→ Aim of the exercise:
Taking the line with "Chaussures de padel" as the first and the line with "BMW Bmw 320d" as the last, set down exactly every line in that range from the entries below, and no more.

→ The data:

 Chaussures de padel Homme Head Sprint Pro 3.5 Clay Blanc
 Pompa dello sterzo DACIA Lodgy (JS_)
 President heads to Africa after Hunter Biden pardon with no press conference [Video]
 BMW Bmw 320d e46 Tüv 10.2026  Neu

==

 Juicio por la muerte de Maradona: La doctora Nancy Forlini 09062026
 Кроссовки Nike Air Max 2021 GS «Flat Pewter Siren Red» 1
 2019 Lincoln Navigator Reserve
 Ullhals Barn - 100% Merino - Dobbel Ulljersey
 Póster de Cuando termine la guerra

---

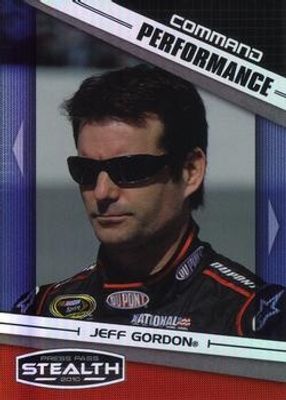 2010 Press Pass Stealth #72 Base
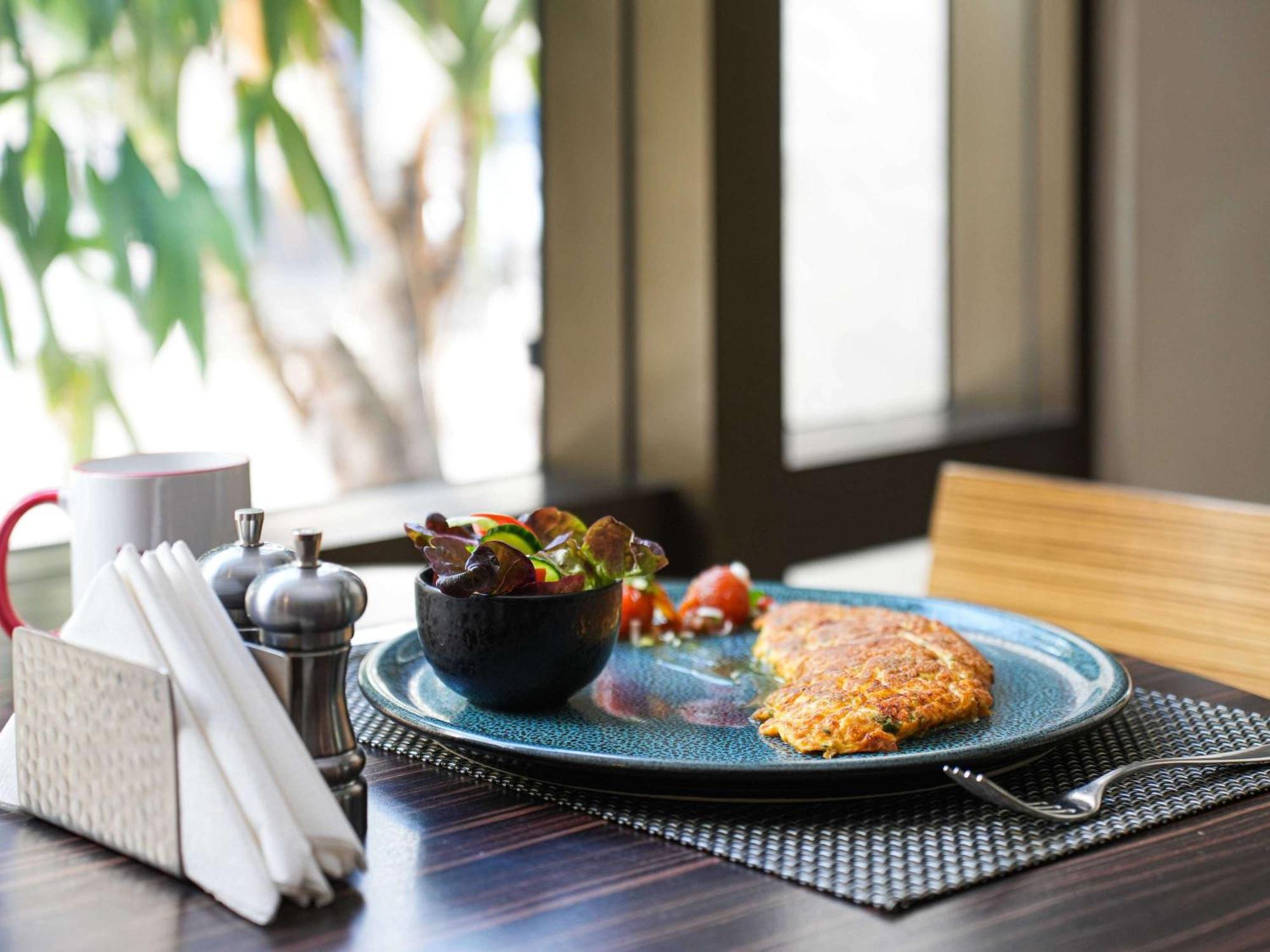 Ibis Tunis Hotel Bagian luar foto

→ Your response:
 Chaussures de padel Homme Head Sprint Pro 3.5 Clay Blanc
 Pompa dello sterzo DACIA Lodgy (JS_)
 President heads to Africa after Hunter Biden pardon with no press conference [Video]
 BMW Bmw 320d e46 Tüv 10.2026  Neu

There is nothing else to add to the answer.